In the interview, I do of course ask about pedagogy and what makes a great maths lesson. I also ask about how and why teachers can move their practice on. And this is where the process became one of sadness. Every single person (literally not one exception) answered these questions as though reading from a script. A script written in the last 15 years or so by those who seek to make schools anti-intellectual, those who seek to make schools a place where being happy is more important than being bright, those who seek to turn the system from one of teacher centred to child centred.
In front of me sat intelligent adults spouting the most ghastly, spin-ridden, evidence-lacking bullshit. I heard again and again how lessons should cater for learning styles, how a maths teacher's job was to facilitate rather than lead, how teachers who were chalk and talk could be fixed by making them watch an investigation lesson. It was horrific. Like being trapped in a nightmare.
Words were repeated time and time again as though deviation from the script was forbidden – perhaps Big Brother was listening. 'Progress', 'Plenary', 'Inquiry', 'Fun', 'Outstanding', 'Kinesthetic'... and on and on it went. I could have played National Strategies Bullshit Bingo and got a Full House every time.
And then there are the nothing-words. The corporate PR words, so beloved by Blair. Words without substance, designed to sound powerful, but with nothing underneath. Teachers (teachers!) told me that the 'environment' should be 'purposeful' and that every 'learner' should follow an 'individual pathway'. It was heart-breaking.
But, sweet reader, this is not a negative blog, not at all. This is a blog to celebrate what happened next.
Each individual was telling me what they thought they should tell me. They were saying the words they thought compulsory for a teaching job.
So I told them: I want to know what you think. I want to know what you believe. Not the crap you have been drilled to think.
And it was wonderful. It was joyous.
These people, who may well be in schools playing the game of talking the crap, they were amazing. Suddenly, with permission to be oneself, I heard teachers describing their true values and theories, I heard amazing stories of classroom practice, I heard education described with passion and thought. Interview after interview, I met learn'd men and women rise above the damaging bullshit that has become such an entrenched norm in the system.

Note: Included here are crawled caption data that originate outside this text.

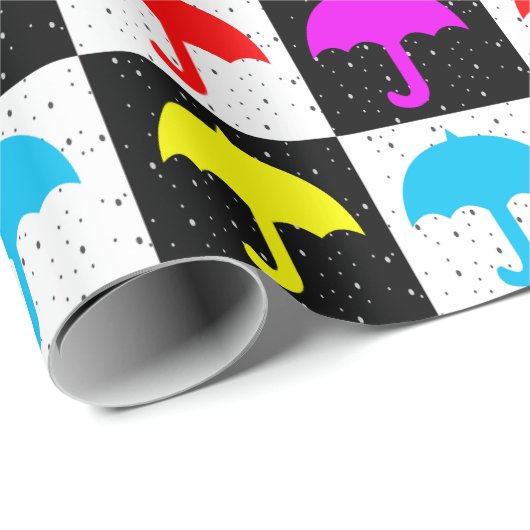 カラフルな幾何学的なチェック柄の傘のブロックプリント ラッピングペーパー (ロールコーナー)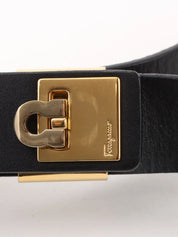 Gancini Plate Waist Bag in Black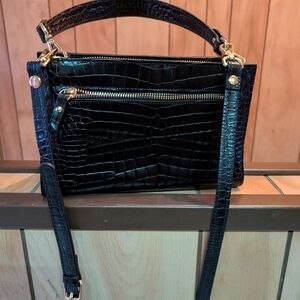 Valentina Croc Embossed Italian Leather Black Handbag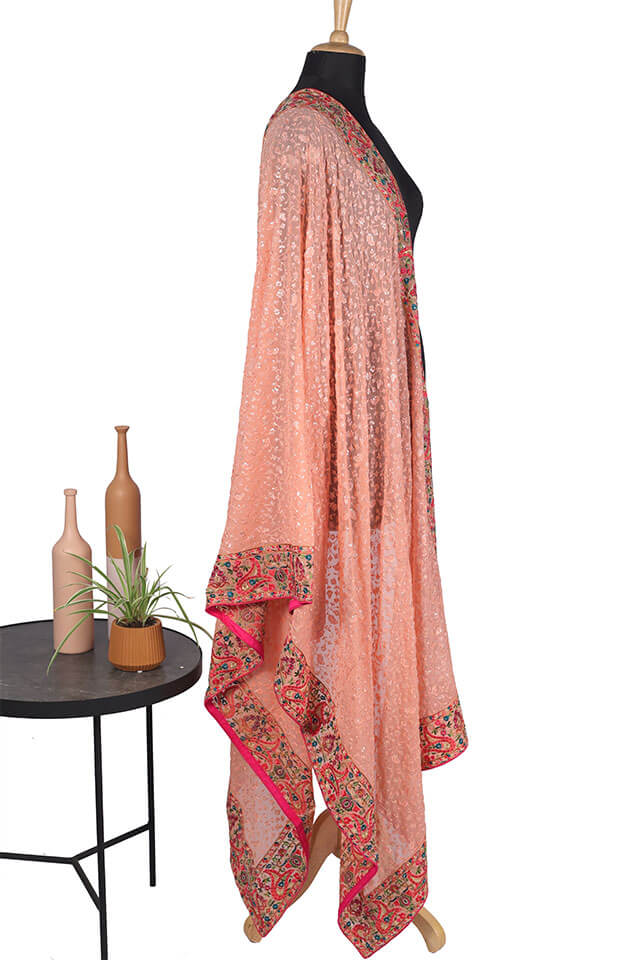 Glorious Pink Georgette Embroidery Dupatta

All teachers have theories, all teachers are researchers. They are bright, they are committed. If only they could be brave enough in schools to stand up and say what they really believe.
I believe that the 350,000 maths teachers in England's schools know a great deal. I believe that the answers lie within that group. How tragic it is, then, that those who know fuck-all are able to suppress and brainwash these wonderful people.